No hay niños. Y no es que pretenda, siendo la semana del amor, que nos lancemos como locos a encargarlos. Es que, aunque pareciese que el gigante anti-niños era la economía, especialmente la doméstica, resulta que es entre los mortales donde crece la 'niñofobia'.

Una vecina denuncia que en el patio de un colegio madrileño los niños se dedican a gritar y hacer ruido. Vamos, como si estuviesen jugando, haciendo gimnasia o, simplemente, existiendo. No es que lo hagan de noche, cual moteros inconscientes, o al amanecer, como gallos rurales de toda la vida. Lo hacen en horas de colegio y eso, claro, a la vecina le resulta antinatural. Servidora con una vida entre pasillos llenos de adolescentes empujándose, gritando, besándose -estos, sin ruido- confiesa haberse preguntado en qué momento erró su vocación y no se hizo tanatopráctica -clientes silenciosos y cien por cien satisfechos-. Sin embargo, agradezco las innumerables veces que, con su energía y humor, mis alumnos me han hecho sonreír hasta en los peores momentos.

Si seguimos así, nuestras ciudades solo servirán para comprar y trabajar. Nos van sobrando los ancianos y los niños

Otro vecino pega notas amenazantes en el portal porque un bebé llora por la noche. El pobre padre, quien asegura ser el primer interesado en que la niña duerma, especifica que, al no ser porque toca el tambor sino porque le están saliendo los dientes, no ve solución posible pues, admite, vino sin interruptor para apagarla. Aun entendiendo el fastidio de un llanto infantil, el vecino enfadado, a quien supongo sin hijos, alguna vez dará una fiesta, trasnochará o, simplemente, tampoco tendrá interruptor de toses y estornudos caso de caer enfermo.

El resultado, cada vez más establecimientos, especialmente hoteleros, se declaran 'espacio libre de niños' -como de humos o perros- y no admiten parejas con hijos.

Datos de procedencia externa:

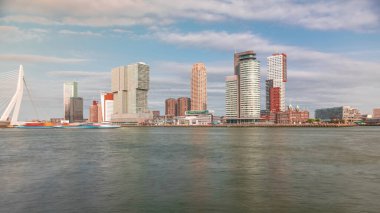 Panorama, Nieuwe Maas River bankasından Wilhelminapier ve Kop van Zuid 'e kadar olan zaman çizelgesini gösteriyor. Modern gökdelenler, gemi terminali ve Erasmus Köprüsü, kıyıdan geçen tekneler.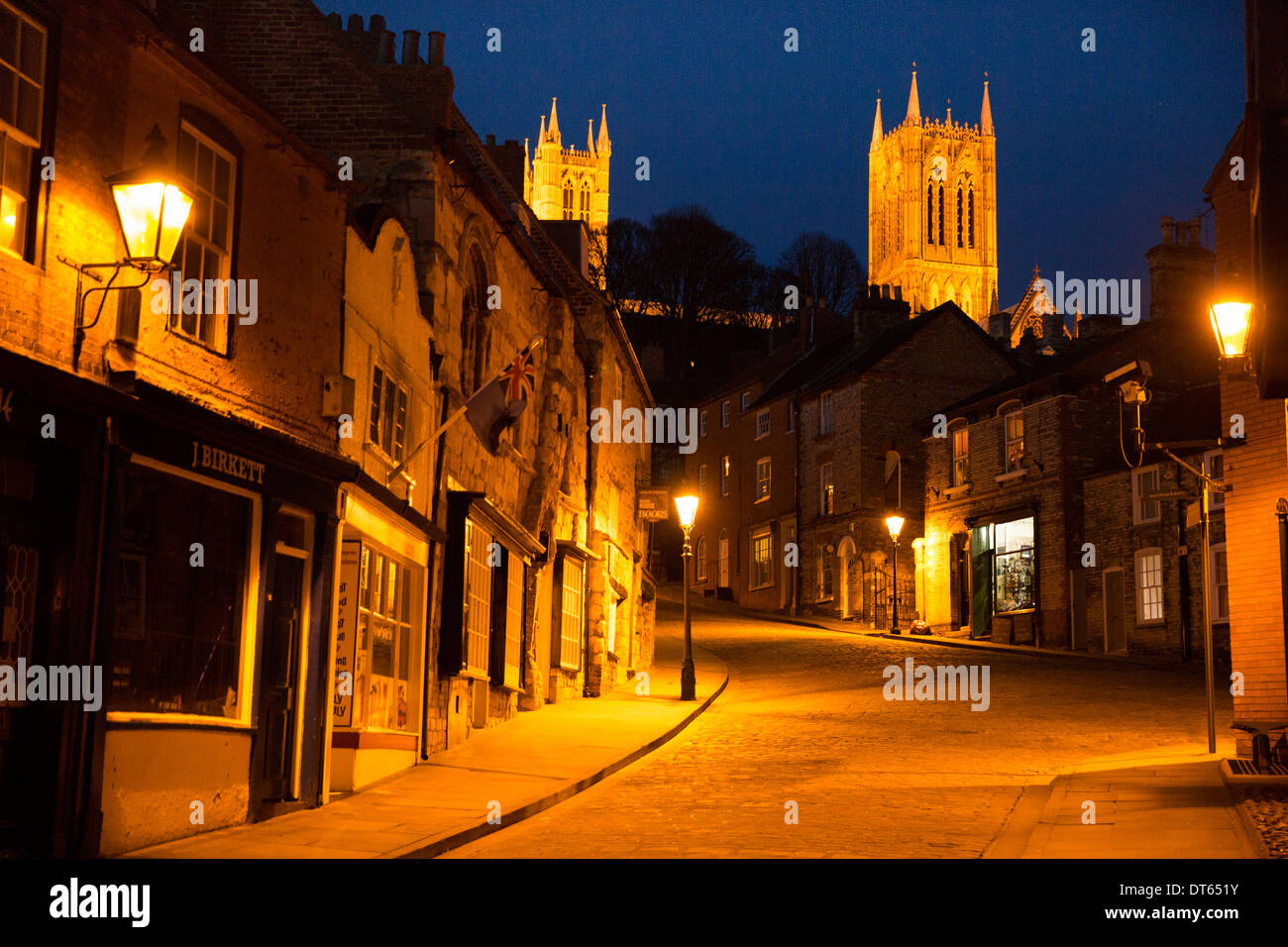 The view of Lincoln Cathedral from the High Street looking up Steep Hill photographed at evening time. Stock Photo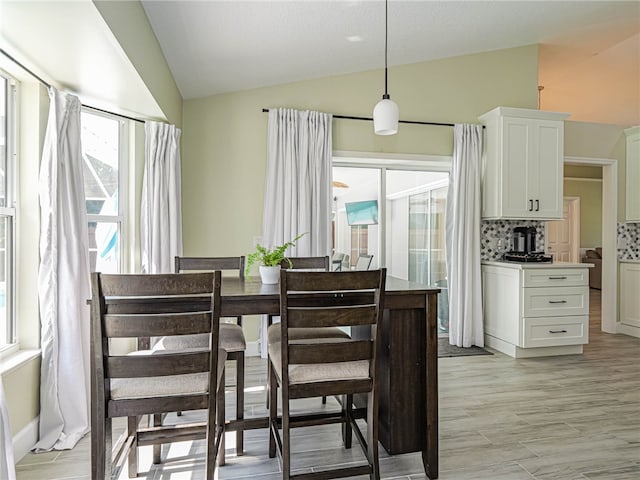 dining area featuring light wood-type flooring and lofted ceiling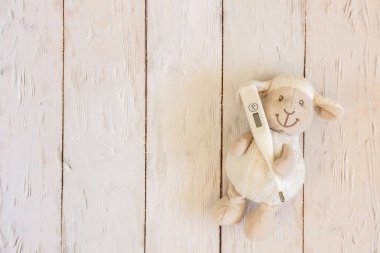 Hafif ahşap arka planda termometresi olan oyuncak kuzu. Soğuk algınlığı ve grip. Üst manzara, düz kompozisyon. Metin için alanı kopyala.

Permítanme una anécdota. Viajando cinco parejas con niños -once, concretamente-, entramos en el museo Picasso de Málaga. Rápida y discretamente, avisaron por el pinganillo: «cuidado niños». Los pequeños, embelesados, fueron contando la impresión que aquellos cuadros 'descolocados' -ya eran cubistas antes del paso de nuestros hijos- iban produciéndoles. Poco a poco, empezaron a unirse otros visitantes que prefirieron conocer el museo con los ojos de unos niños que parecían comprender mejor aquellos cuerpos de perspectivas imposibles en la realidad, pero absolutamente verídicos para cualquier lápiz infantil.

Si seguimos así, nuestras ciudades servirán solo para comprar y trabajar. Instalados en el presente, nos van sobrando los ancianos -pasado- y los niños -futuro-. Luego nos sobrarán los pelirrojos o los gordos.

Soluciones: meterlos en reservas aisladas, como en las distopías; ponerles un collar con descarga eléctrica, como a los perros; nacer ya adultos, eso cuando los hombres paran o, simplemente, recordar a algunos padres que sus hijos no son los únicos seres del universo y a los adultos que, además de ser nuestros futuros cuidadores y pagadores, los niños son los únicos capaces de devolver la primavera al jardín de este gigante egoísta en que la sociedad se está convirtiendo.